Coding without seeing pixels in font rendering is just bliss, it is too hard to go back.

This sort of long-sightedness is usually correctable.

Though I’m dreading the day I have to get varifocals.

I tried varifocals once, gave up on them immediately. They just didn't work for me, I was always trying to see something through the wrong part of the glasses. Now I have two pairs, one for normal distance and one for computer work.
:) we might have different vision. I can’t resolve individual pixels with this setup unless I put my face near the screen.
Everyone has different vision, of course! If you don't mind my asking, what is your viewing distance to the screen?

One big consideration for me: I'm 65, so my eyes are not able to focus back and forth to different distances like a younger person.

My solution is a pair of single vision prescription lenses, adjusted to the distance to my monitor(s). I need to be able to use the laptop all on its own, so that determines the focus distance: about 20".

Because of that, I also place any secondary monitor at about the same distance from my eyes, otherwise it would be out of focus. I can't go changing glasses to look at a different monitor. :-)

A 24" 4K display works nicely for this, and as I mentioned it's small enough to work really well in portrait mode.

So I have two recommendations for any programmer. If you haven't used a portrait mode monitor, try it out alongside your laptop display. It's a very practical setup.

But more importantly, if you find yourself gravitating toward lower-DPI monitors, it may be time for a vision check and a good pair of single vision prescription glasses adjusted for your monitor distance (again, about 20" if you ever need to use a laptop by itself).
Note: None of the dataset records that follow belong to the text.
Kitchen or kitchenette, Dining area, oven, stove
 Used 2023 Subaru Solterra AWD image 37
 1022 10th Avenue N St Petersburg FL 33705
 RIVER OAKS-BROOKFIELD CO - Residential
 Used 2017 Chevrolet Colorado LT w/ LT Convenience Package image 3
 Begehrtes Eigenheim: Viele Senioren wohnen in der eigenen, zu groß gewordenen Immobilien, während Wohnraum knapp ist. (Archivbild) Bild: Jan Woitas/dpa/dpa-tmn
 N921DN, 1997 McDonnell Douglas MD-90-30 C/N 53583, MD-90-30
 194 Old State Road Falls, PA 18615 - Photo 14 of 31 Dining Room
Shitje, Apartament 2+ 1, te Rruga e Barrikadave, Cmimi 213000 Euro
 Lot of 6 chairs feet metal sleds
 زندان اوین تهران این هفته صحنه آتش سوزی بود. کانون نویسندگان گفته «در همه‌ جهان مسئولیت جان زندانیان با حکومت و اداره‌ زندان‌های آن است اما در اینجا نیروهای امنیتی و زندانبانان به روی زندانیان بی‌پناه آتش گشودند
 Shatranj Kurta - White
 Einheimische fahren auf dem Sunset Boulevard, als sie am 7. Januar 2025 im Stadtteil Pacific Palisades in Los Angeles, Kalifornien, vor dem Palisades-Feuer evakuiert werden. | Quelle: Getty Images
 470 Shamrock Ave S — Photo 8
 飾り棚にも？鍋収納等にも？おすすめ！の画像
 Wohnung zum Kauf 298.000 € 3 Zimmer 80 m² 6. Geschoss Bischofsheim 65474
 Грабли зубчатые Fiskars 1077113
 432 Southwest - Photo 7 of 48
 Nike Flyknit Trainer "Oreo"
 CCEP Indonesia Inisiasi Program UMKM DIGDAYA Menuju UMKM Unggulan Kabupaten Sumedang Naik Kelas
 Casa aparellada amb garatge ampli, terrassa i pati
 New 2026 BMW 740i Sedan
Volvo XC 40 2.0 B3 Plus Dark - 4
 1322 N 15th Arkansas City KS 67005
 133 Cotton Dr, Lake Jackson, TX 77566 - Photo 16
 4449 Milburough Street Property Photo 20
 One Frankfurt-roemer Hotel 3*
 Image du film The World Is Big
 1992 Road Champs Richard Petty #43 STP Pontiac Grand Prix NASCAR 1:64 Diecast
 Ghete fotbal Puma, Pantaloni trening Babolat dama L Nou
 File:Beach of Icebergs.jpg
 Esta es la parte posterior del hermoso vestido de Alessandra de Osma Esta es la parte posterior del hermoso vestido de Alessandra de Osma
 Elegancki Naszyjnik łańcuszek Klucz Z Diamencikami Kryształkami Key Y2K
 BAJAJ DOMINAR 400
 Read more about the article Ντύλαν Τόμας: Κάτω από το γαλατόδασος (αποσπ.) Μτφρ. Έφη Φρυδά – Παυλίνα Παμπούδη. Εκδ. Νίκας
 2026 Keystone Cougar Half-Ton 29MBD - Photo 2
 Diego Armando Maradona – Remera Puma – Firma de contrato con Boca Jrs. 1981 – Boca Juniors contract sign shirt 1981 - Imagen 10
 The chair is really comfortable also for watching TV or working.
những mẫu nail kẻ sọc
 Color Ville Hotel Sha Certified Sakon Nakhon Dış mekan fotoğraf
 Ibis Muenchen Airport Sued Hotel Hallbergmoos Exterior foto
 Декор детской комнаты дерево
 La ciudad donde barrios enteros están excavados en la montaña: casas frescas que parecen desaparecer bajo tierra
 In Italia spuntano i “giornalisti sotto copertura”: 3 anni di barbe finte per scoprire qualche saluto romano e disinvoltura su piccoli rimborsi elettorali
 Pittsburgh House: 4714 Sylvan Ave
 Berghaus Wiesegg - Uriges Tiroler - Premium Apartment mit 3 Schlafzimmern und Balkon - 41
I put off doing this for years - I always thought of myself as the kind of person who "didn't need glasses."

When I finally got the prescription lenses, it was a real eye-opener - pun intended!

Yes, for me 1920x1080 on say a 20-inch is the absolute minimum with these LED monitors that are all the rage now. Even the old CRTs looked better with a lower pixel density; I wonder why
The CRTs looked better because there was more "bleed" from pixel to pixel. A great example I found to describe it was if you were in the iOS ecosystem when the iPhone 4 came out, every outdated iOS app looked terrible. The 4 had the same screen size but double the PPI of the previous generations. An outdated app looked better on a <4 than it did on a 4 because the bigger pixels of the earlier phones bled into each other more while the 4 created crisper edges that were incredibly jarring.